Stanislovas Stonkus

Personal information
- Born: December 29, 1931 Telšiai, Lithuania
- Died: February 19, 2012 (aged 80) Kaunas, Lithuania

Medal record
Men's basketball
Representing the Soviet Union
Olympic Games
| Silver medal – second place | 1952 Helsinki | USSR |
| Silver medal – second place | 1956 Melbourne | USSR |
European Championships
| Bronze medal – third place | 1955 Hungary | USSR |
| Gold medal – first place | 1957 Bulgaria | USSR |

= Stanislovas Stonkus =

Lithuanian basketball player (1931–2012)

Stanislovas "Stasys" Stonkus (29 December 1931 - 19 February 2012) was a Soviet and Lithuanian basketball player who competed for the Soviet Union in the 1952 Summer Olympics and in the 1956 Summer Olympics. He was born in Telšiai. In 1954, he graduated from the Lithuanian National Physical Education Institute. He trained at VSS Žalgiris in Kaunas.

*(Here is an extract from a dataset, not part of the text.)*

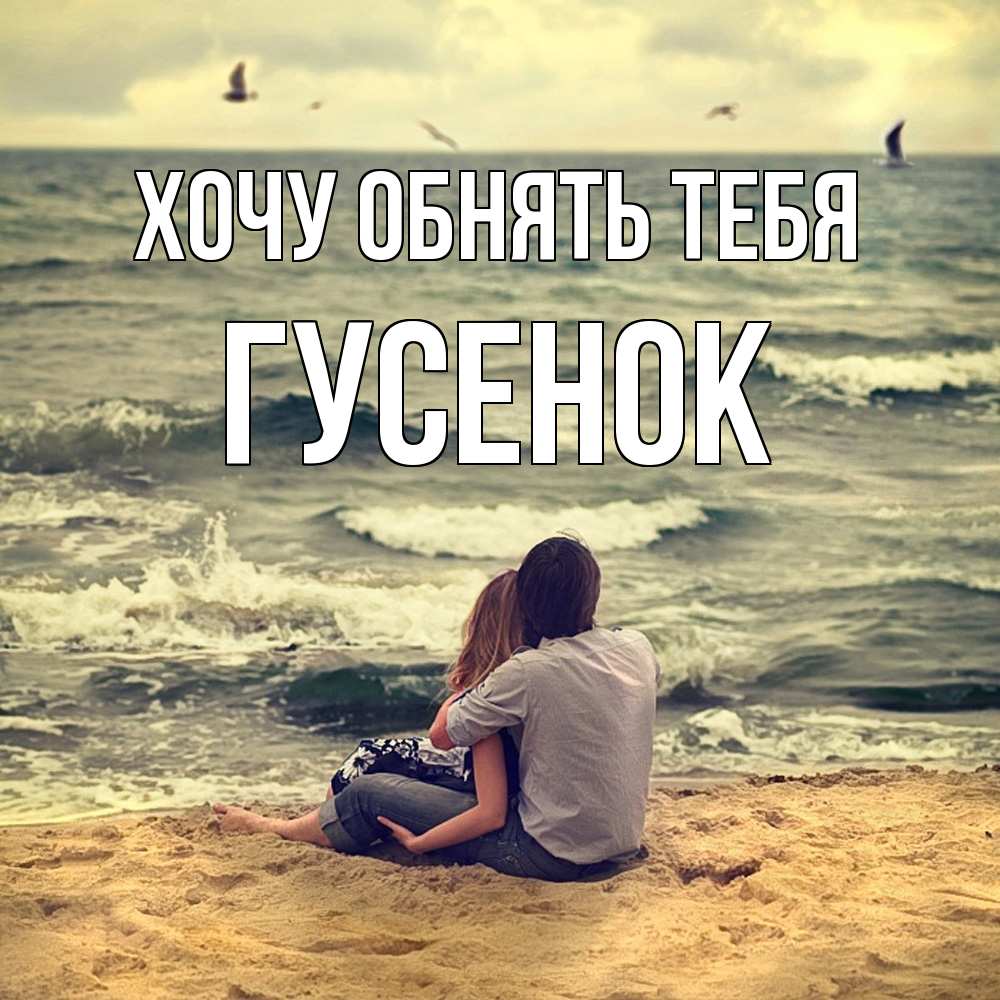 Открытка на каждый день с именем, гусенок Хочу обнять тебя возлюбленные на песочке Прикольная открытка с пожеланием онлайн скачать бесплатно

He was a member of the Soviet team, which won the silver medal. He played one match. Four years later he won his second silver medal as part of the Soviet team. He defended his doctoral dissertation at Tartu University in 1974, and his Dr Habil. before the Joint Council in Moscow. After serving as rector of the Physical Education Institute (1978–1990), he was also vice-president of the Lithuanian Olympic Committee for four years (1992–1996). Stonkus has compiled a dictionary of sports terms in Lithuanian and has written several studies on sport.